Session 12D.3 Stereo photogrammetric analysis of orographic convection during the North American Monsoon

Wednesday, 30 April 2008: 4:00 PM
Palms I (Wyndham Orlando Resort)
Joseph A. Zehnder, Creighton University, Omaha, NE; and J. Hu and A. Razdan

Presentation PDF (569.5 kB)

During summer of 2006 a field experiment was performed to examine onset and development of orographic convection during the North American Monsoon in southern Arizona. The experiment was referred to as the Cumulus Photogrammetric, In-situ and Doppler Observations (CuPIDO) and employed a network of PAM stations, two GPS based mobile radiosonde systems, an instrumented aircraft (the University of Wyoming King Air) and two stereo pairs of cameras. One of the fundamental hypotheses of the CuPIDO experiment is that cumulonimbus development occurs through the action of the shallow convection which modifies the thermodynamic profile and conditions the profile for deep convection.

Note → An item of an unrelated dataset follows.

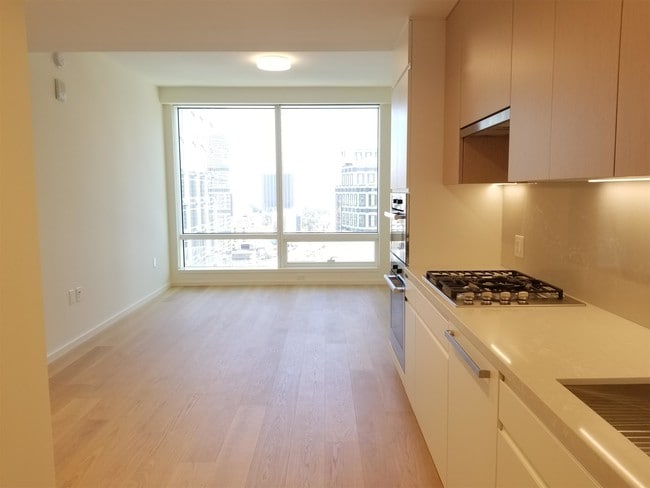 Photo - 877 Francisco St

The camera images were used to determine three-dimensional structure of the developing convection. Using the intrinsic (focal length and dimensions of the imaging chip) and extrinsic (location and orientation of the cameras) camera parameters allows the definition of projection matrices that relates points in 3-d space to the projection onto the image planes. Rather than used measured values of the extrinsic parameters, an iterative scheme is used to refine the measured values. Tests of the scheme using known landmark points show that scheme is accurate to 50 meters at a distance of 30 km.

This talk will describe the method for three-dimensional stereo reconstructions and show an application to a case of deep convection that occurred during the CuPIDO experiment. On August 10, 2006 (Intensive Observing Period #10) there was a transition from a roughly 2 hours period of cumulus congestus followed cumulonimbus development. Half hourly soundings taken from the vicinity of the mountain peak showed an inversion present at about 500 mb that capped the convection. The combined effect of warming below and cooling at the top of the inversion layer erodes layer. The onset of the deep convection corresponds to the breakdown of the inversion.